7-course meal.  We did pretty well with most of the food...tried a few new things.  This is river fish.  It was actually quite appetizing, I could have done without all the bones.

Exit after dark.  In June, at dusk, the gardens go dark and they release hundreds of fireflies into the gardens.  They place some very relaxing music and you view the fireflies for about 45 minutes.  They capture several of them and bring a firefly to each house so that you can have your "private" viewing.  It was very magical.  I can't imagine there is a more perfect experience to view Japanese beauty then we had this evening. 

Monday, June 11, 2012

Play Time

Keeping a two year old busy isn't real hard here in Japan, just takes a little effort.  There are multiple parks and indoor play areas.  One of my friends from MOPS introduced me to this one in Yokohama.  We bought a month membership and plan on tiring Evan out there often.  We've already played off half of the price for the month membership and it is only June 10th.

It has to be the cleanest play area I've ever been to.  And of course, there are a lot of rules to follow.  We are not always real good at "rules" but we are learning that sometimes they pay off.

 Evan's favorite place is the sand pit, of course.  I love that the kids wear Croc Boots to play in the sand pit.  They have a variety of sizes to choose from.  Once you are finished, you remove your boots and "sweep off" with little brooms to make sure you don't take any of the sand with you to other parts of the play area.  What a clean way to play in dirt.

The Gear wall is one of our favorites.  Really a great way to watch how your child thinks through the workings of wheels that turn.

Sunday, June 10, 2012


This past weekend was the start of rainy season in Japan, so of course, it rained all weekend.  Not to worry, Japan is full of activities to do even when the weather is bad.  We are dying to get up to Hakone to sight see but decided this wouldn't be the best weekend.  We instead hit the indoor/outdoor water park and onsen.  I can say one thing, you never have to worry about being clean in Japan.

These were outdoor slides, but the hot spring water kept them warm enough even in the rain.

This is where it starts getting weird.  This is a coffee bath.  It smelled more like noodles to us, but the taste was bitter coffee.

The Tea Pot

Sake bath.  Yes, we let Evan sip as much of this water as he wanted.
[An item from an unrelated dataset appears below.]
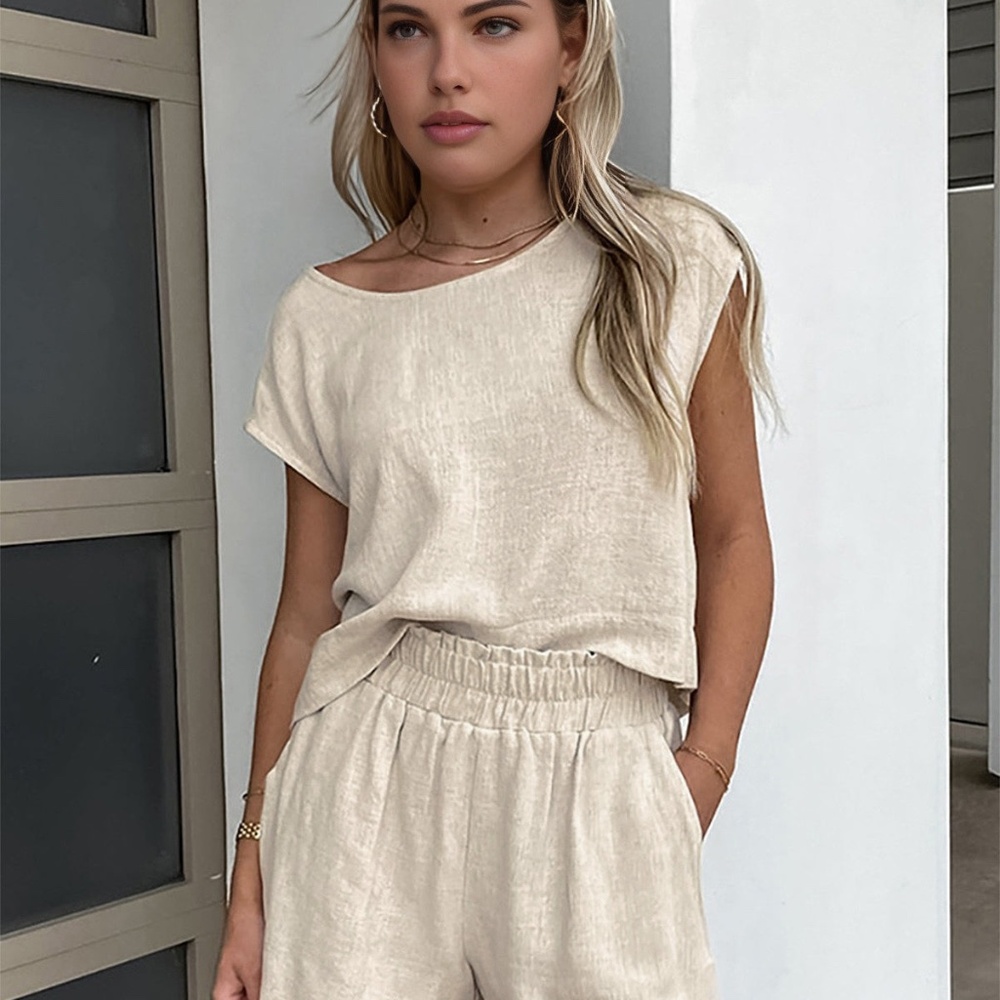 Cotton Linen Shorts Set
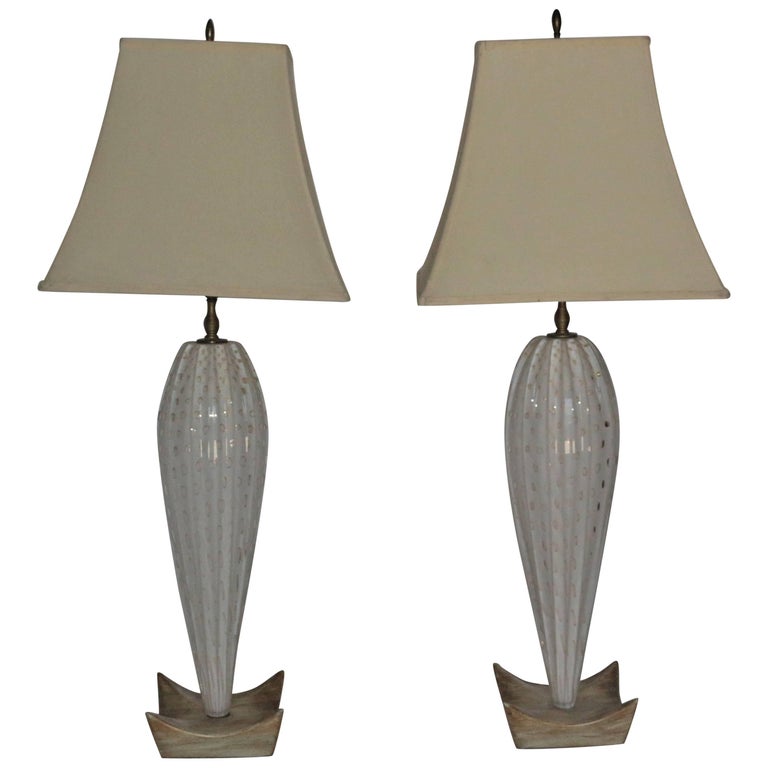 Pair of White MidCentury Murano Lamps with a Unique Wooden Base and Gold Accent at 1stDibs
May explain his long nap that afternoon.

And of course, the wine bath.  This had red wine pouring out of the bottle.  I think this one was definitely just coloring.  I tasted the water and I didn't take any wine. 

Of course you would not have "weird" without a green tea bath.  The vote is still out on whether there is actually green tea in the water or just green coloring.  Our skin was not glowing green when we got out.

One tired little boy at the end of the day.  The waterpark included a bath where you dipped your feet into a pool where they had fish nibble all the dead skin off your feet.  I am not a fan of fish, so I let Miranda and Aaron enjoy that bath by themselves. 

Afterward, we chowed down on a great buffet and finished the day at an onsen, a true one, before heading home.  We can't wait to venture back to Hakone for sightseeing and may just find ourselves at Yunnessan in the future.

The little things

Sometimes we find the little things in Japan really catch our attention and bring a smirk to our faces.  Thought I would share a few....

Evan wears GOONS!!  Yes, I am still trying to figure out the meaning of this brand of diapers but what I do know is GOONS hold a lot and in my book, that makes them a good thing.
 The second thing is watermelon.  Tom tells me it will get cheaper further into the season, but I just can't help myself.  A sliver of watermelon costs $5.00 bucks, a whole one about $25.00.  Hopefully, we'll get invited to a couple parties that include watermelon on the buffet so we can eat our fill.